That fascination once led to a family tragedy, which then caused a rift between her (Sadhana Singh) and her son, Uttam (Sukant Goel). The script implies their interpersonal friction from the very beginning, but never exploits it. It shows the cracks in their relationship through microaggressions or silences, intentional or unintentional.
The investigation offers them a way to bond, but one is more invested in a fruitful outcome than the other. Uttam seethes with pent-up resentment toward his mother and expresses it by disrespecting her whenever he gets the chance. Even then, she keeps trying to bridge the gap between them while holding on to the wisdom in solving investigative puzzles. The detective tale doubles as their bonding exercise, in which both sides have a fundamentally different understanding of what’s fractured. Uttam doesn’t want to keep entertaining his mother’s interest, but she can’t help but sink deeper into it.

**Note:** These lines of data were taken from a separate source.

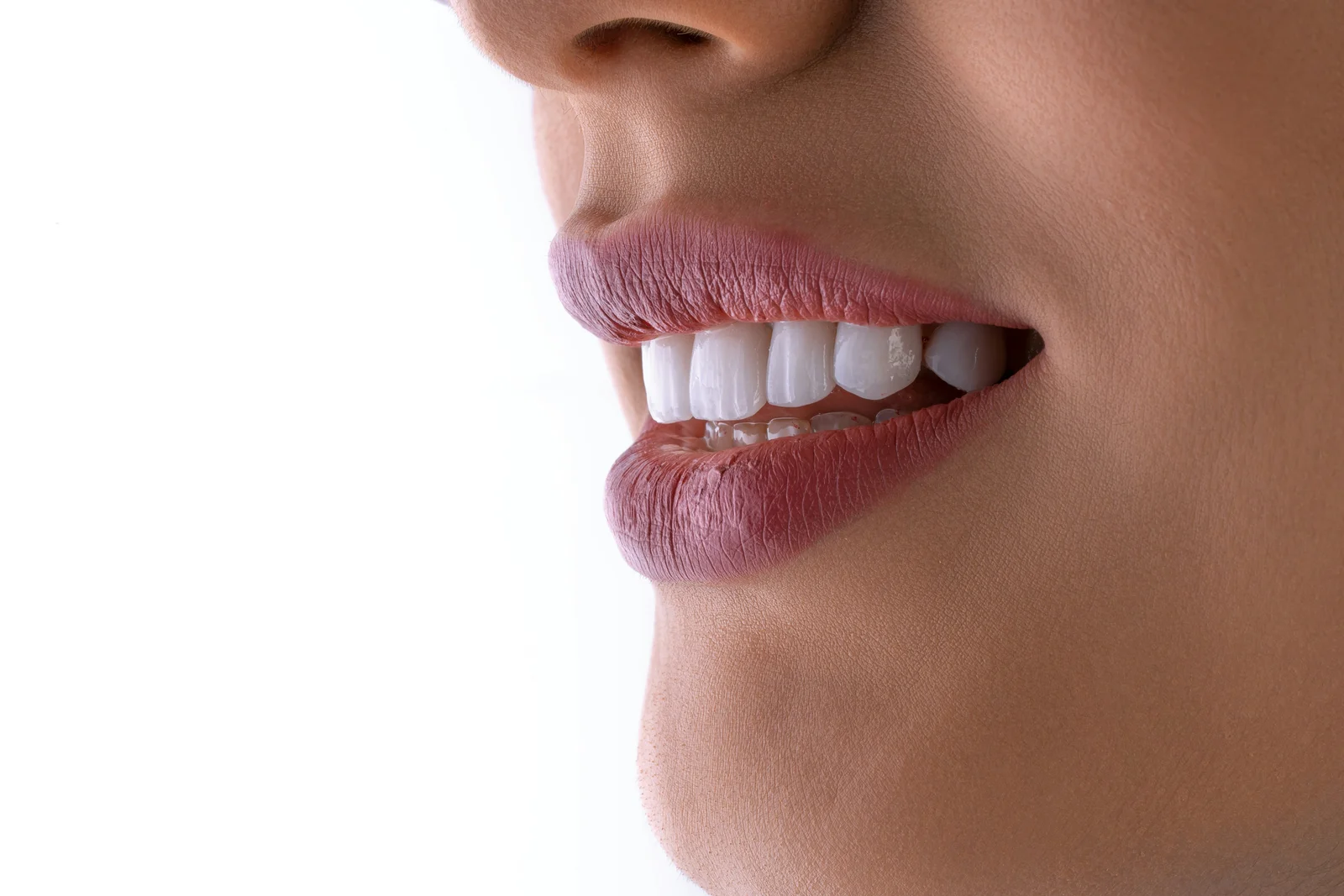 Estetică dentară la SamiDent PLUS în București Sector 2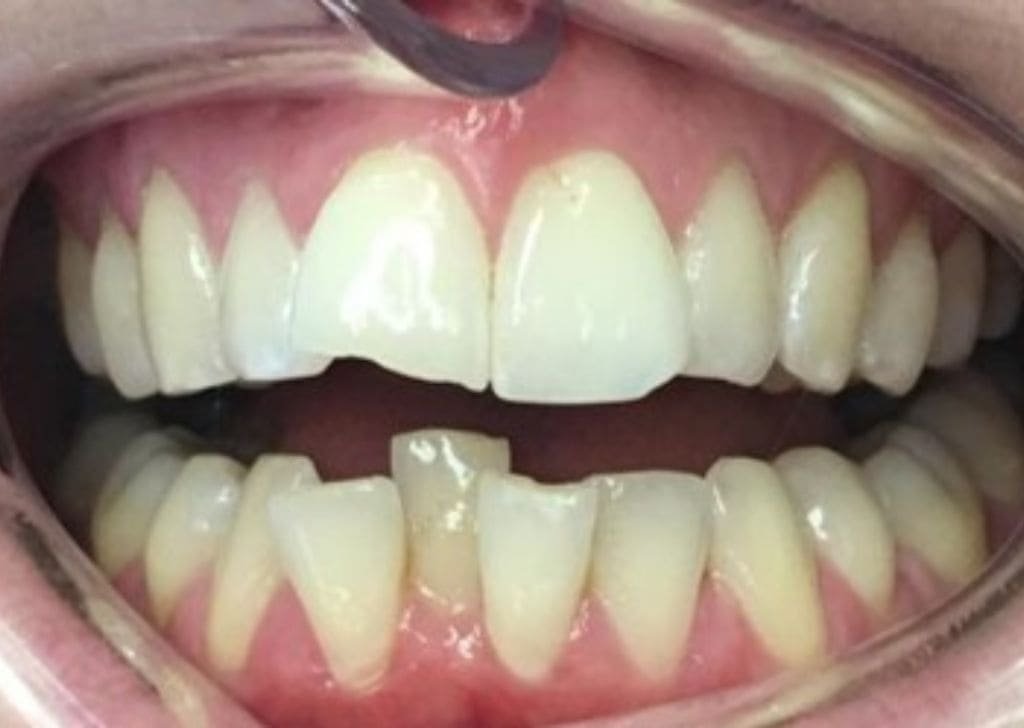 Invisalign Ipswich - Straighten Your Teeth Without Braces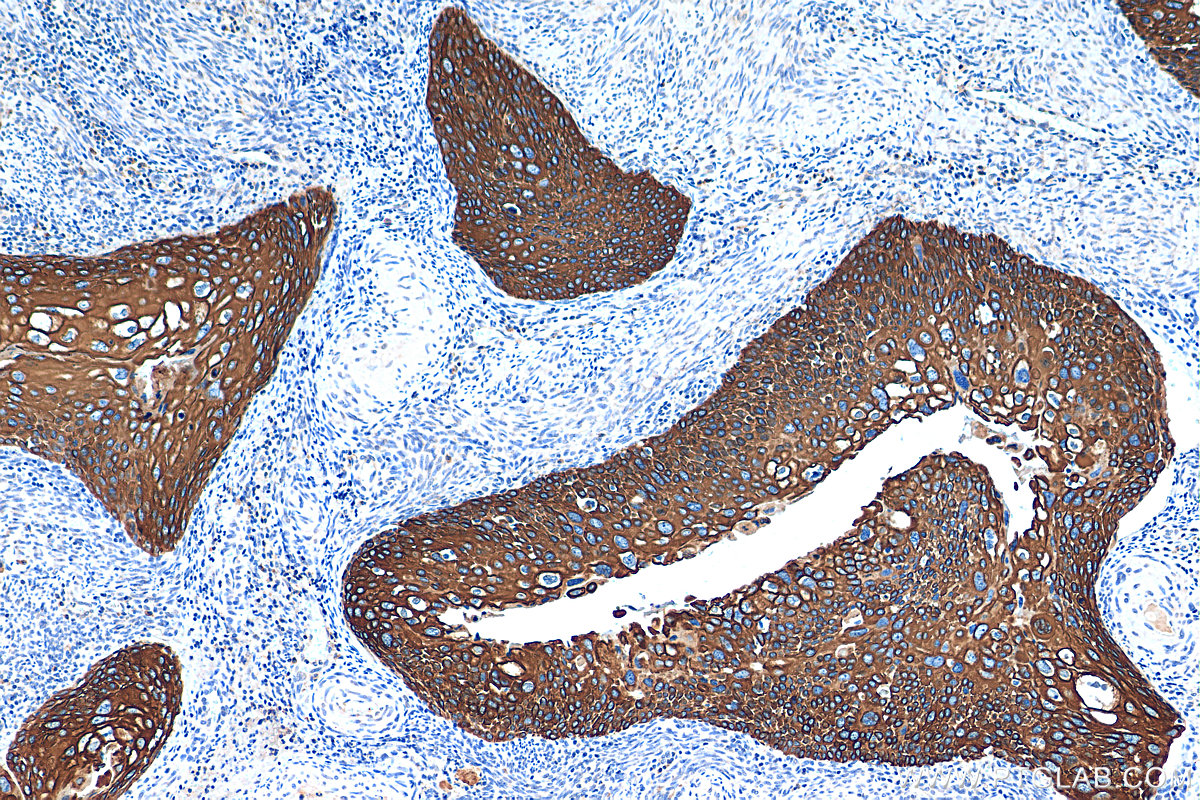 Immunohistochemistry (IHC) staining of human cervical cancer tissue using Cytokeratin 13 Monoclonal antibody (66684-1-Ig)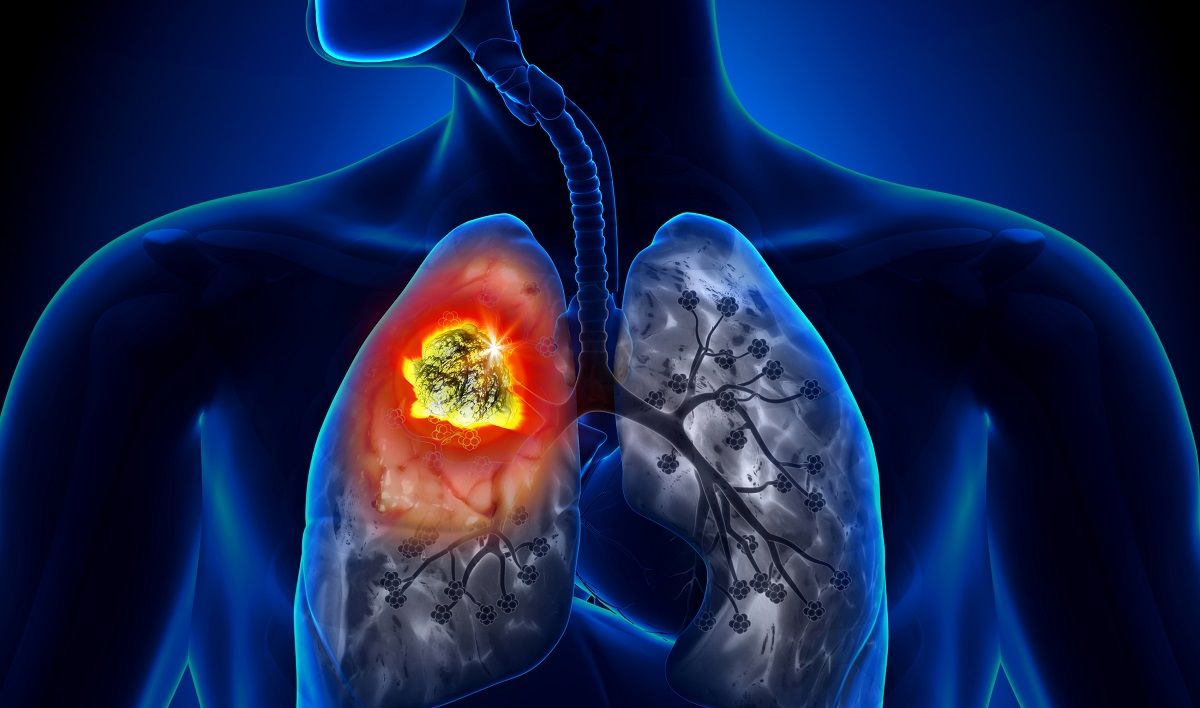 Dấu hiệu nhận biết ung thư phổi
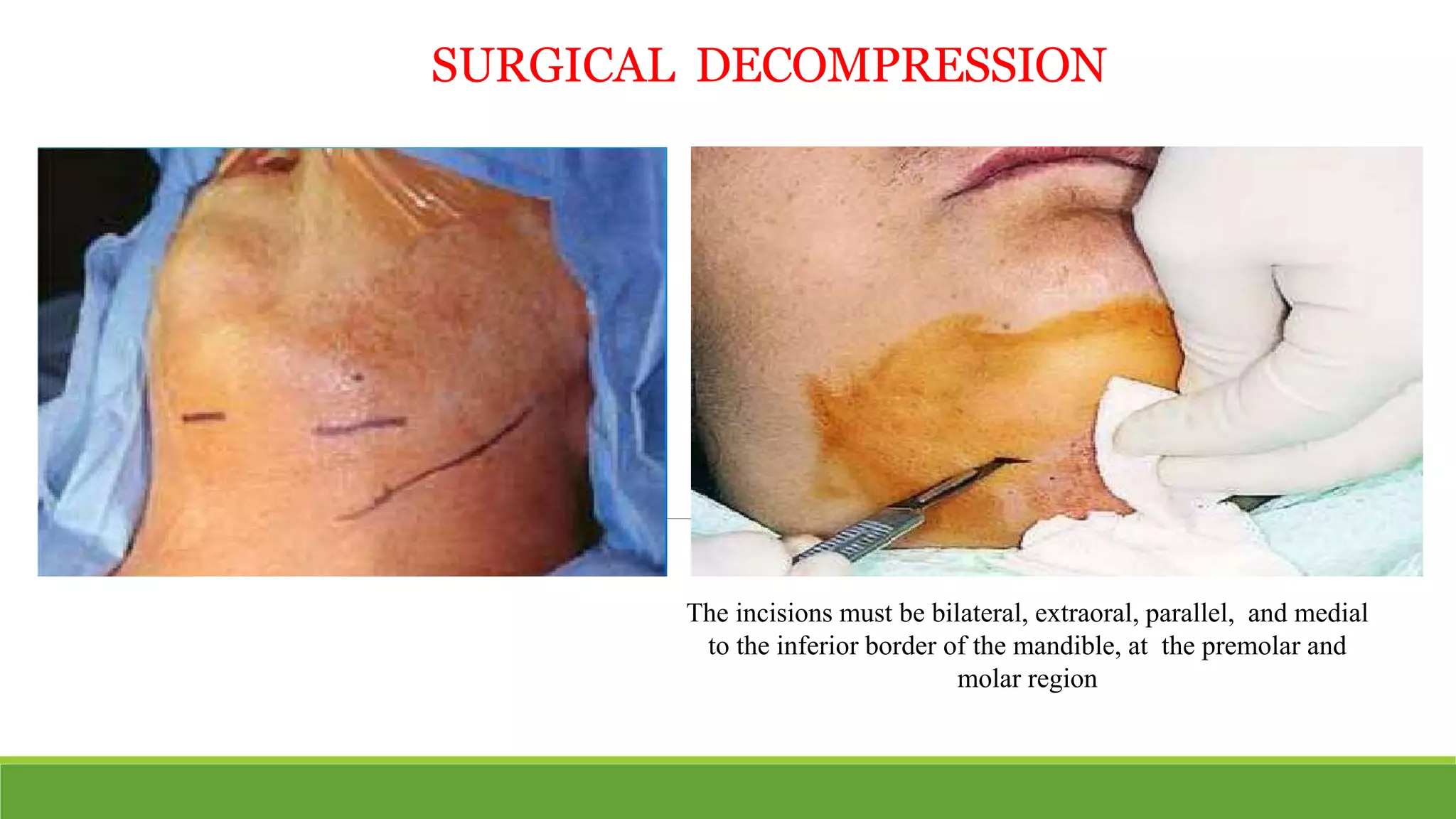 SURGICAL DECOMPRESSION
The incisions must be bilateral, extraoral, parallel, and medial
to the inferior border of the mandible, at the premolar and
molar region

Through her, we also meet someone whose boredom leads them to a heightened interest in blood-soaked criminal stories and an acute awareness of motives and the potential chain of events. The script unwittingly underlines a recent surge in true-crime fascination, where an idle mind becomes the devil’s workshop. In the same vein, she figures out connections between suspects that others miss and finds clues that slip through their radar. The script cleverly weaves her involvement in the investigation into a family drama, thus revealing layers of their vexations while staying within the scope of its mystery.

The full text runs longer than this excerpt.